To investigate chromosome organisation in mouse meiosis, fluorescence in situ hybridisation (FISH) was conducted to map a single autosomal loop at the HoxA locus on chromosome 6 in pachytene spermatocytes. This approach defined a consistent ~1.3 Mb chromatin loop emanating from the SC. Higher resolution FISH analysis demonstrated that chromatids are tightly clustered when in proximity to the SC but become more separate as the chromatin extends into the loop. Furthermore, the topology of the HoxA loop was shown to be altered in cohesin mutant mice (Smc1β-/- and Smc1β-/-,1α), in which whole chromosome morphology is known to be disrupted, thus supporting the validity of the chromatin loop map and its cohesindependent regulation.

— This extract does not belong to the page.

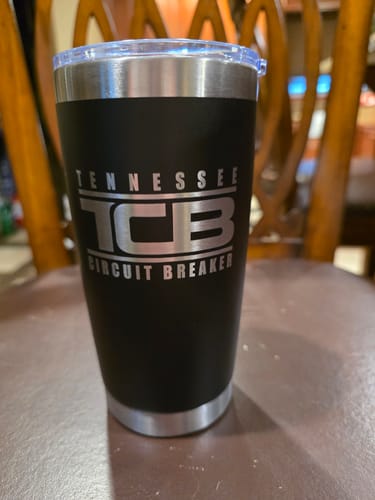 Customer photo review of (6 Pieces) Laser Engraved Tumbler | 20 oz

To understand the role of transcription in the maintenance of meiotic chromatin loop architecture in pachytene spermatocytes, FISH analyses were performed following acute transcriptional inhibition. Inhibition led to no significant change in SC length. However, the total nuclear area was substantially reduced as autosomal chromatin was drawn closer to the SC, with no significant change in chromatin compaction. A relatively subtle response was seen on the grossly transcriptionally silent sex chromosomes. On RNase treatment, a similar, yet less substantial, change in chromosome morphology was observed. Collectively, these findings demonstrate that chromatin loop organisation is dependent on a transcriptional component. In mice, the frequency of meiotic crossovers (COs; a product of meiotic recombination) is sexually dimorphic, with an approximately two-fold reduction in male CO frequency relative to females. FISH-based analyses revealed that chromatin loop extensions are significantly longer and chromatid separation substantially greater in spermatocytes, relative to oocytes. Chromatid separation was also found to be significantly greater at two CO hotspots in juvenile males, which experience a reduction in inter-homolog interactions compared to their adult counterparts. Cumulatively, these data indicate that differences in the frequency of inter-homolog interactions and COs correspond with differences in the relative spatial positioning of chromatids.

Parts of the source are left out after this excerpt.